== Segment start ==

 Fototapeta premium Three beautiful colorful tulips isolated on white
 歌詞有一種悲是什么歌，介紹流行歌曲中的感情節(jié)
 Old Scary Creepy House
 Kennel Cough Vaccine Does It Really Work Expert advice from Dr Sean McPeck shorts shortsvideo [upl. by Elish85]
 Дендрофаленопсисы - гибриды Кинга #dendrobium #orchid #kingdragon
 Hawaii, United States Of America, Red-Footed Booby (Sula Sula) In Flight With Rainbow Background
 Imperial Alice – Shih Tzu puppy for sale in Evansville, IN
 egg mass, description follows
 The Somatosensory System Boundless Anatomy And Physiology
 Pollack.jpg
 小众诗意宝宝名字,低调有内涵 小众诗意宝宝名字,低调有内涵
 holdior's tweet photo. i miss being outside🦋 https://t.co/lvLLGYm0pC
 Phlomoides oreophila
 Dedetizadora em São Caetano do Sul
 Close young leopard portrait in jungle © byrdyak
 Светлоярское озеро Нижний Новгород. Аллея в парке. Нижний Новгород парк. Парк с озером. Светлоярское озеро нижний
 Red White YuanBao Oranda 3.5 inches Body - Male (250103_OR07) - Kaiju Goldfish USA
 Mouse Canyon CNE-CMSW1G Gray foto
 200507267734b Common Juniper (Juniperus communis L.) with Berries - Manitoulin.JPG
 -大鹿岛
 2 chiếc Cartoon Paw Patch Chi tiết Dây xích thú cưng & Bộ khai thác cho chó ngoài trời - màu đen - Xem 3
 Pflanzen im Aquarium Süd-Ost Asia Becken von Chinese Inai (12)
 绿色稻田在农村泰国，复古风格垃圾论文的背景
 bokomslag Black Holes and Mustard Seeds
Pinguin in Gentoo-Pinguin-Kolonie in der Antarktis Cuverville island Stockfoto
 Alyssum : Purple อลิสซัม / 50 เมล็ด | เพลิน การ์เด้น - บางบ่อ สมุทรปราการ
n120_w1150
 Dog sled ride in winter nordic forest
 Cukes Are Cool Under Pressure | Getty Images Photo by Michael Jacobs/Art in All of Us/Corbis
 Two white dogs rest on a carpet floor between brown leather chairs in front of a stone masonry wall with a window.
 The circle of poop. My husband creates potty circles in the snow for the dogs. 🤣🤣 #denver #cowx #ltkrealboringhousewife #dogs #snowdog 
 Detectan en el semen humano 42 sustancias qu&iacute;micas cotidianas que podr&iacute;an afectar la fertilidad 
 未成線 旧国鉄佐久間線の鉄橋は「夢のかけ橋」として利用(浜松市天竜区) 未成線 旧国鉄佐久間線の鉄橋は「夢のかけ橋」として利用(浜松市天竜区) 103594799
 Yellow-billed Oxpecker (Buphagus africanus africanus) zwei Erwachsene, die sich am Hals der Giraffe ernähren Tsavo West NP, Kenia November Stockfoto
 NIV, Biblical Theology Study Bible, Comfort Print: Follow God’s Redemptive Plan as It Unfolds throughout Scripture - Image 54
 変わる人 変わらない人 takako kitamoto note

== Segment end ==

What the task requires
Using the listing above, return exactly, and only, the lines from the one that contains "Pollack.jpg" through its last line, both included.

Output for this task
 Pollack.jpg
 小众诗意宝宝名字,低调有内涵 小众诗意宝宝名字,低调有内涵
 holdior's tweet photo. i miss being outside🦋 https://t.co/lvLLGYm0pC
 Phlomoides oreophila
 Dedetizadora em São Caetano do Sul
 Close young leopard portrait in jungle © byrdyak
 Светлоярское озеро Нижний Новгород. Аллея в парке. Нижний Новгород парк. Парк с озером. Светлоярское озеро нижний
 Red White YuanBao Oranda 3.5 inches Body - Male (250103_OR07) - Kaiju Goldfish USA
 Mouse Canyon CNE-CMSW1G Gray foto
 200507267734b Common Juniper (Juniperus communis L.) with Berries - Manitoulin.JPG
 -大鹿岛
 2 chiếc Cartoon Paw Patch Chi tiết Dây xích thú cưng & Bộ khai thác cho chó ngoài trời - màu đen - Xem 3
 Pflanzen im Aquarium Süd-Ost Asia Becken von Chinese Inai (12)
 绿色稻田在农村泰国，复古风格垃圾论文的背景
 bokomslag Black Holes and Mustard Seeds
Pinguin in Gentoo-Pinguin-Kolonie in der Antarktis Cuverville island Stockfoto
 Alyssum : Purple อลิสซัม / 50 เมล็ด | เพลิน การ์เด้น - บางบ่อ สมุทรปราการ
n120_w1150
 Dog sled ride in winter nordic forest
 Cukes Are Cool Under Pressure | Getty Images Photo by Michael Jacobs/Art in All of Us/Corbis
 Two white dogs rest on a carpet floor between brown leather chairs in front of a stone masonry wall with a window.
 The circle of poop. My husband creates potty circles in the snow for the dogs. 🤣🤣 #denver #cowx #ltkrealboringhousewife #dogs #snowdog 
 Detectan en el semen humano 42 sustancias qu&iacute;micas cotidianas que podr&iacute;an afectar la fertilidad 
 未成線 旧国鉄佐久間線の鉄橋は「夢のかけ橋」として利用(浜松市天竜区) 未成線 旧国鉄佐久間線の鉄橋は「夢のかけ橋」として利用(浜松市天竜区) 103594799
 Yellow-billed Oxpecker (Buphagus africanus africanus) zwei Erwachsene, die sich am Hals der Giraffe ernähren Tsavo West NP, Kenia November Stockfoto
 NIV, Biblical Theology Study Bible, Comfort Print: Follow God’s Redemptive Plan as It Unfolds throughout Scripture - Image 54
 変わる人 変わらない人 takako kitamoto note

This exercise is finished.